ABSTRACT

On the face of it, ritual change in the transition from Roman Catholicism to Protestantism in Germany was about returning to the “pristine” practice of the early church. The elite men who directed the Reformation thought carefully about the alterations that they introduced, and they were convinced that they were restoring biblically condoned observance to the sixteenth century. They saw themselves as purging from the agenda “papist” invention, much of which, in Lutheran and Calvinist teaching, was not harmless embroidery but rather a falsifying, injurious departure from the will of God. For God did not, in these divines’ opinion, give mortals, including priests, license to arrogate to themselves power over supernatural domains. When they condemned “superstition,” as they repeatedly did, they included ritual practices within the church as well as ritualized folk measures that purported to render less noxious the teeming unseen elements that beset people’s equilibrium and made them vulnerable to a bleak hereafter.

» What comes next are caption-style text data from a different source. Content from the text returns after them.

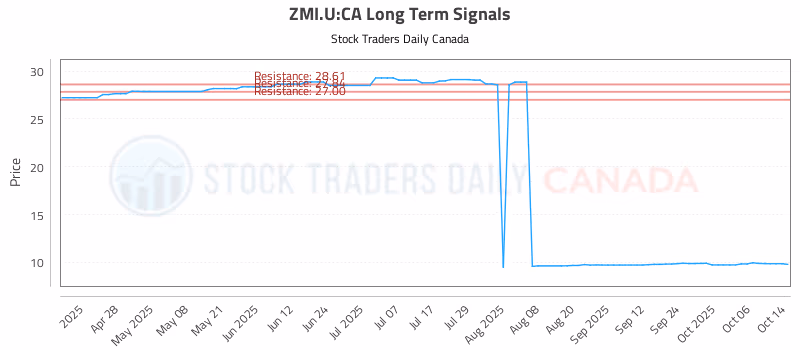 Stock Chart for ZMI.U:CA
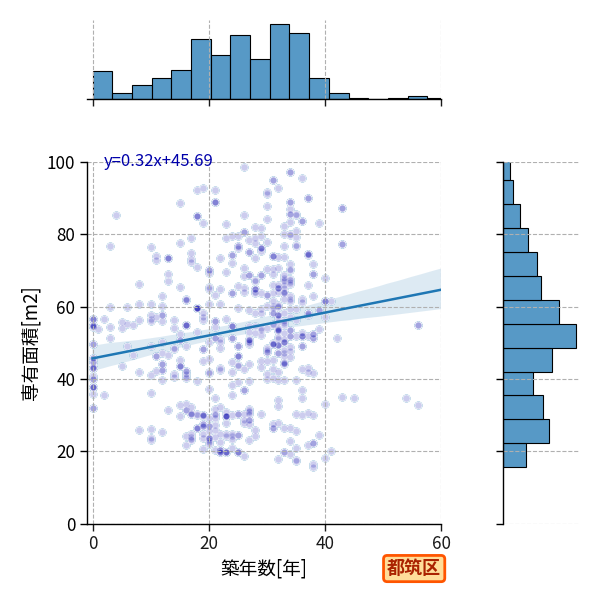 ward_tsuzuki-ku_y2a_scat_jg_S04.png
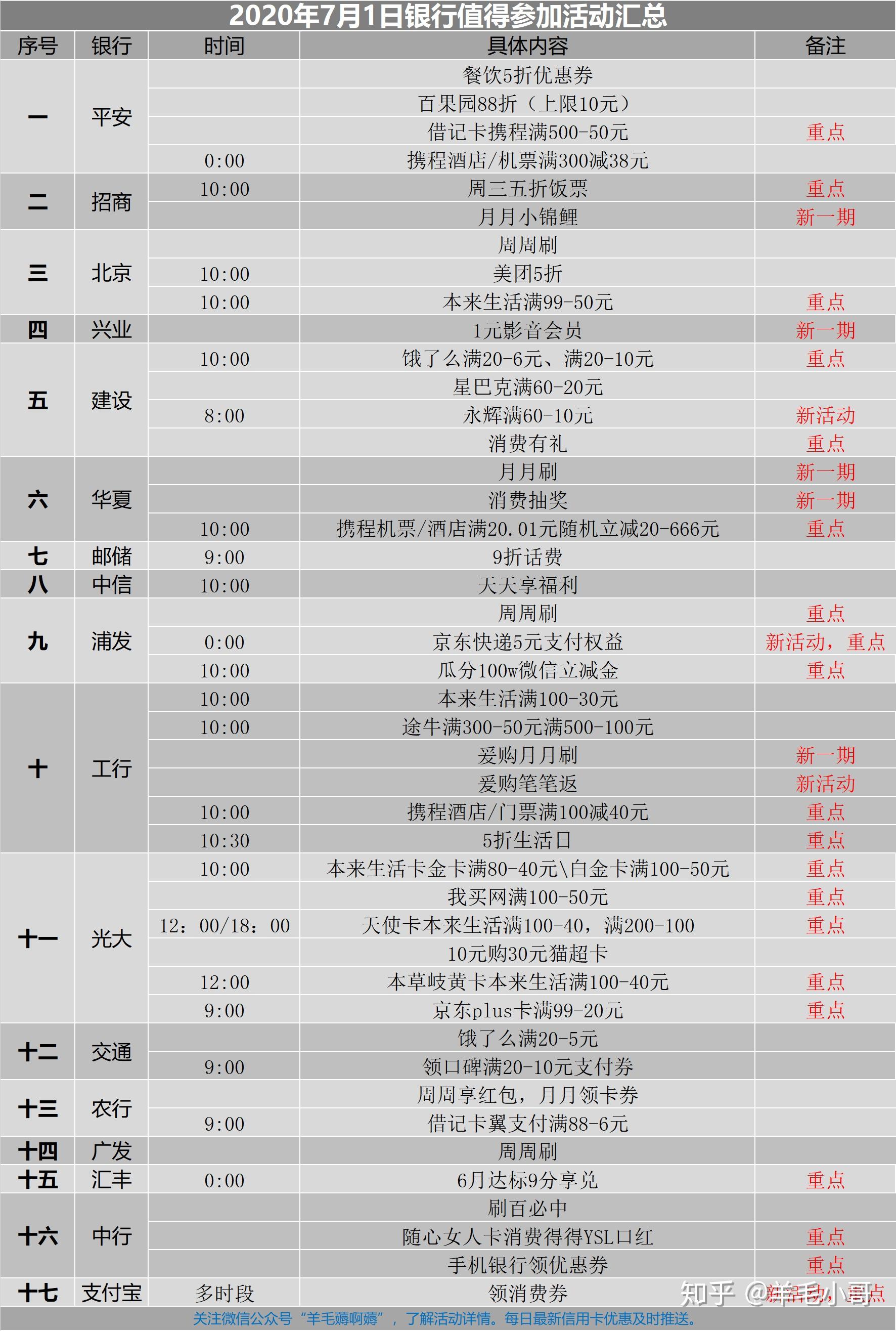7.1丨周三薅羊毛汇总(新一月必看) - 知乎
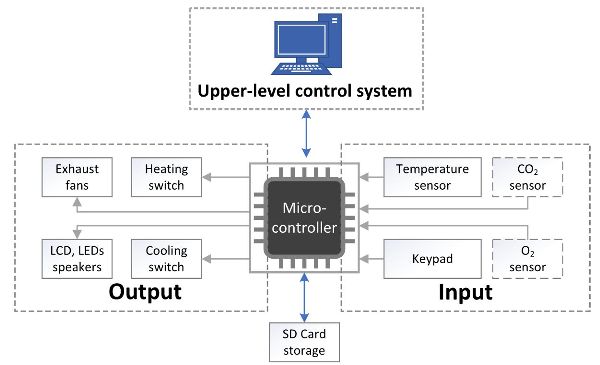 Diagrama de las salidas y entradas, como extractores y un sensor de temperatura, en un subsistema de ventilación.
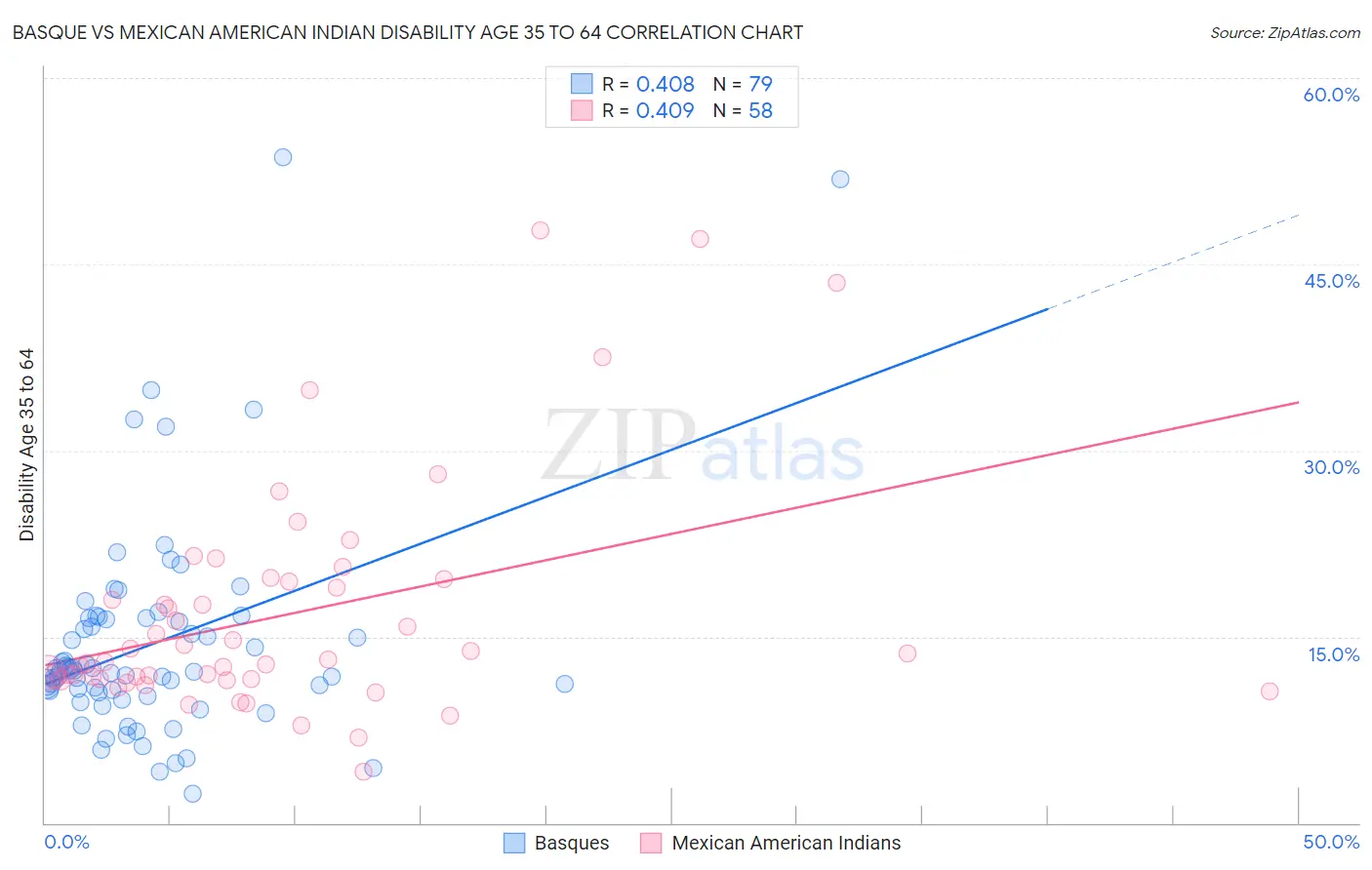 Basque vs Mexican American Indian Disability Age 35 to 64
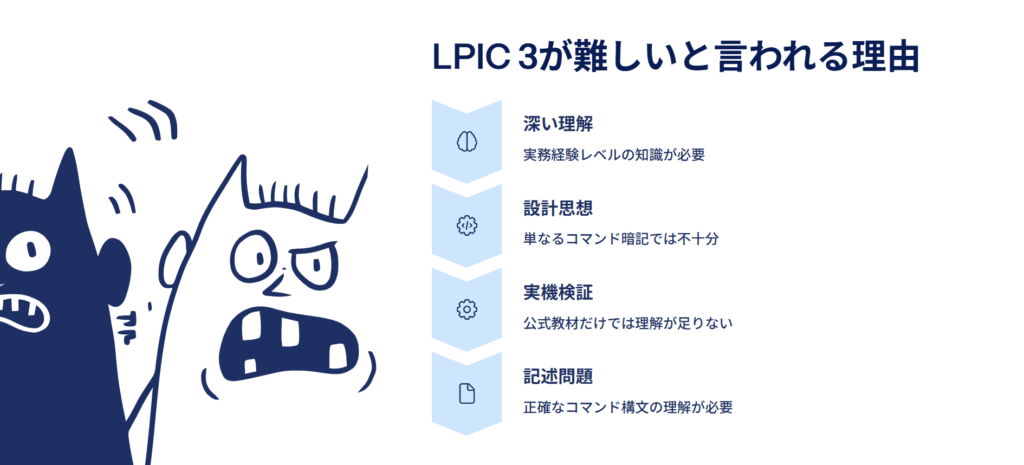 LPIC 3が難しいと言われる理由
深い理解
実務経験レベルの知識が必要
設計思想
単なるコマンド暗記では不十分
実機検証
公式教材だけでは理解が足りない
記述問題
正確なコマンド構文の理解が必要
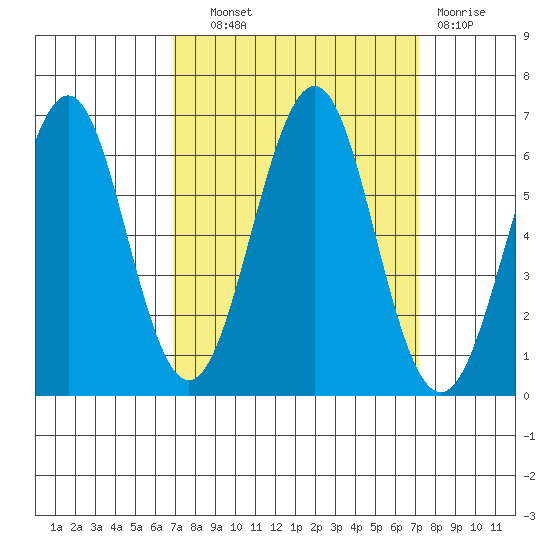 Oyster Point Marina tide chart for Thursday, September 19, 2024
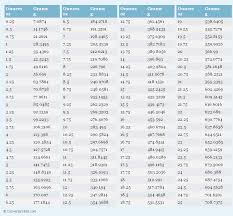 ounces to grams oz to g conversion chart for weight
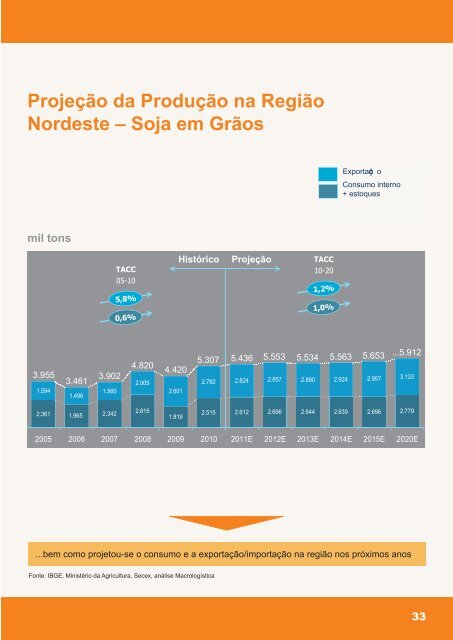 Projeto Nordeste Competitivo - CNI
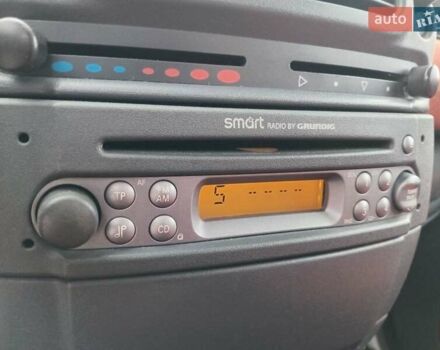 Чорний Смарт Fortwo, об'ємом двигуна 0.6 л та пробігом 176 тис. км за 3990 $, фото 8 на Automoto.ua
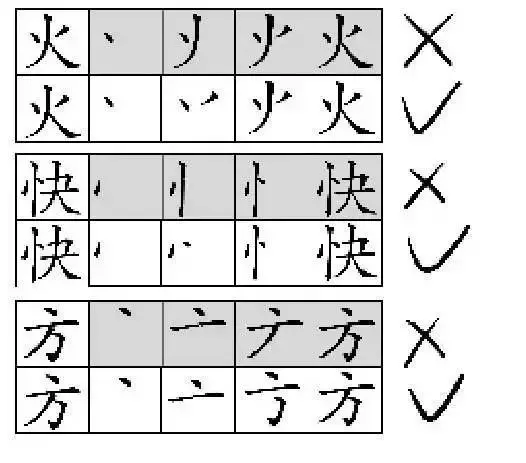 热的笔画顺序怎么写的顺字(6)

Probably few late medieval clergy perceived the complementarity between official cere-monial assumptions and those adhered to by many ordinary people who, imitating the language, artifacts, and gestures of the church, confronted life’s problems well fortified. Popular healers and the throngs who gave their custom to them tapped the magical powers of the church and applied them, as they thought, between Eucharistic Masses (strictly the ordained priests’ domain) to a larger sphere. The incantations of cunning people and midwives were filled with the language of saintly invocation and Trinitarian blessing. Whenever possible, they employed sacramentals such as blessed candles, baptismal water, and bits of the Host that someone had managed to bring out of the church unswallowed. They meant to serve God aright, and the simple versions of righteousness that their unlettered priests shared with them and conveyed to them very likely reinforced their practice. The priests gave them blessed bread, pronounced their own protective formulae over their candles, fields, crops, beehives, and hovels, and lived similarly among them. If such men of the cloth objected to folkish measures, it was on the grounds that they alone within their respective parishes ought to wield the sword against Satan; they may

have been jealous of their oftresorted-to rivals. Nonetheless, their view of the universe was much the same as those of their charges.